*Work instructions*: Go to the line that contains "マキタ(Makita)のマキタ バッテリー2個 充電" in the records below and repeat it, and each line after it, exactly through the end, omitting pictures.

*Recorded data*:

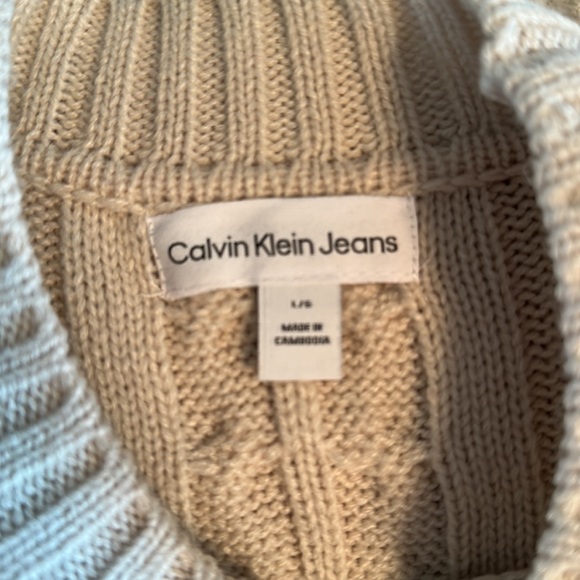 Calvin Klein Jeans ecru/beige sweater - size large - Picture 2 of 5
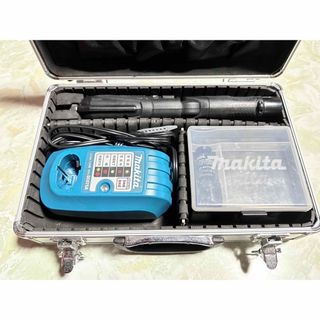 マキタ(Makita)のマキタ バッテリー2個 充電 ペンインパクト ドライバー TD021D 7.2v(その他)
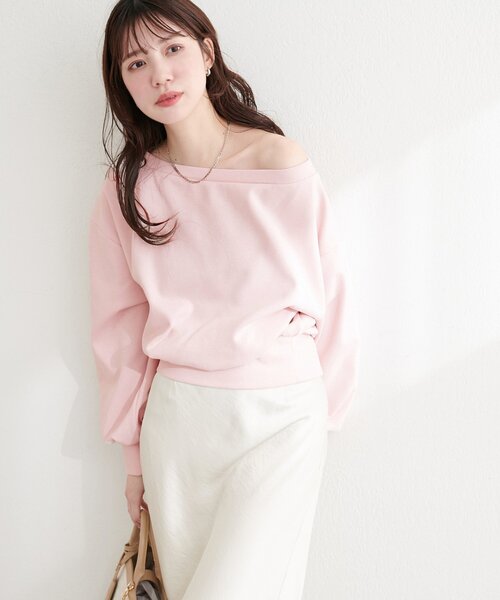 natural couture（ナチュラルクチュール）の「オフショルスウェットプルオーバー（スウェット・レディース・グレー/ピンク/イエロー/オフホワイト/ブラック・FREE）」の8枚目の写真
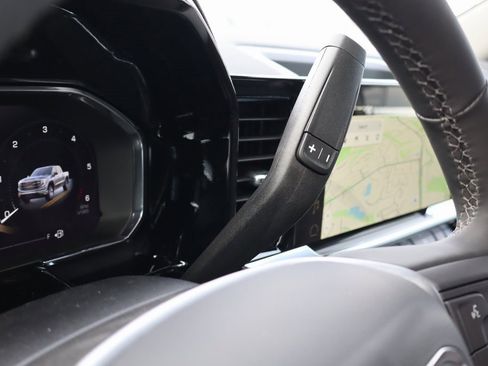 New 2026 GMC Sierra 1500 SLE image 25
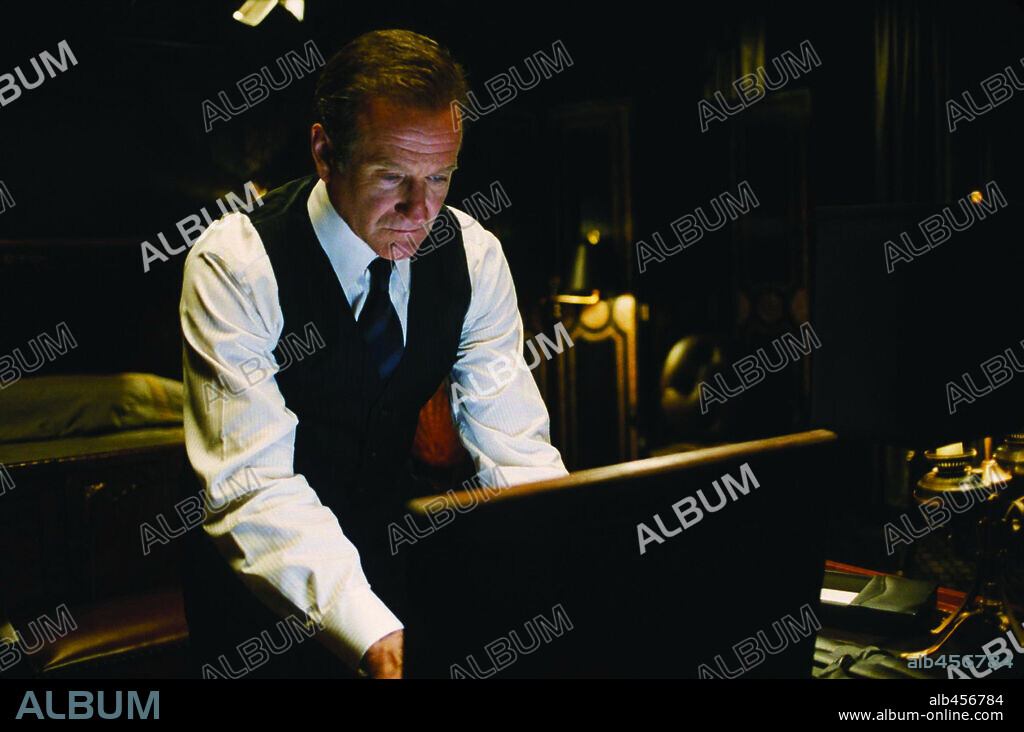 ROBIN WILLIAMS en LA MEMORIA DE LOS MUERTOS, 2004 (THE FINAL CUT), dirigida por OMAR NAIM. Copyright LIONS GATE FILMS.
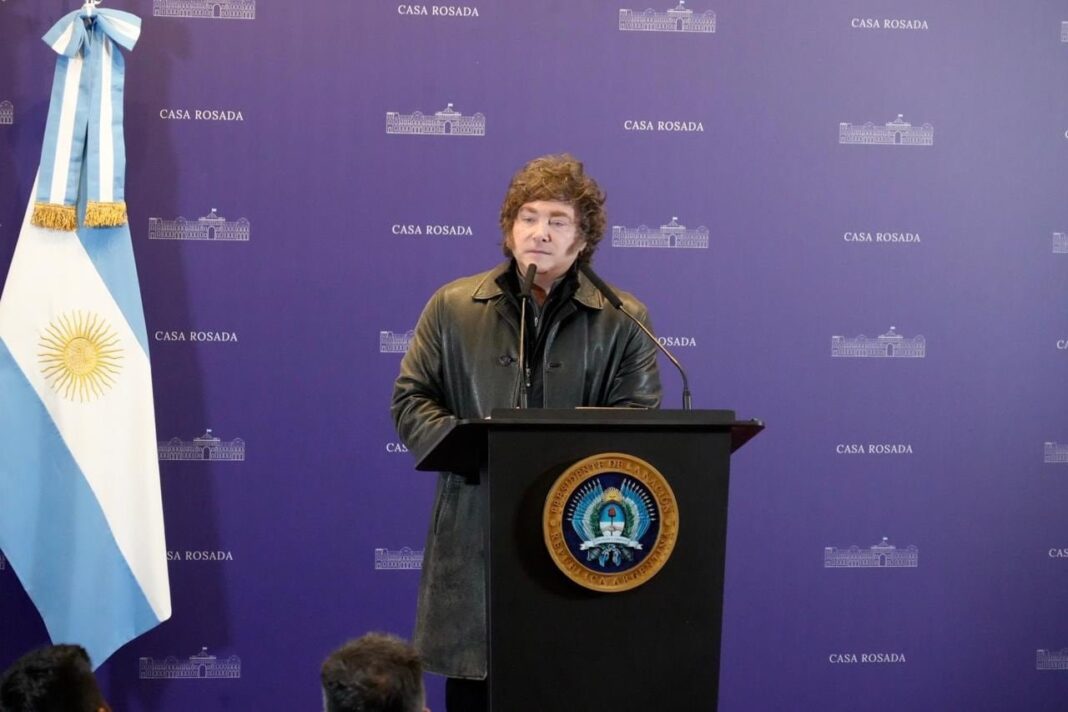 Javier Milei en conferencia de prensa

*Answer box*:
 マキタ(Makita)のマキタ バッテリー2個 充電 ペンインパクト ドライバー TD021D 7.2v(その他)
 natural couture（ナチュラルクチュール）の「オフショルスウェットプルオーバー（スウェット・レディース・グレー/ピンク/イエロー/オフホワイト/ブラック・FREE）」の8枚目の写真
 New 2026 GMC Sierra 1500 SLE image 25
 ROBIN WILLIAMS en LA MEMORIA DE LOS MUERTOS, 2004 (THE FINAL CUT), dirigida por OMAR NAIM. Copyright LIONS GATE FILMS.
 Javier Milei en conferencia de prensa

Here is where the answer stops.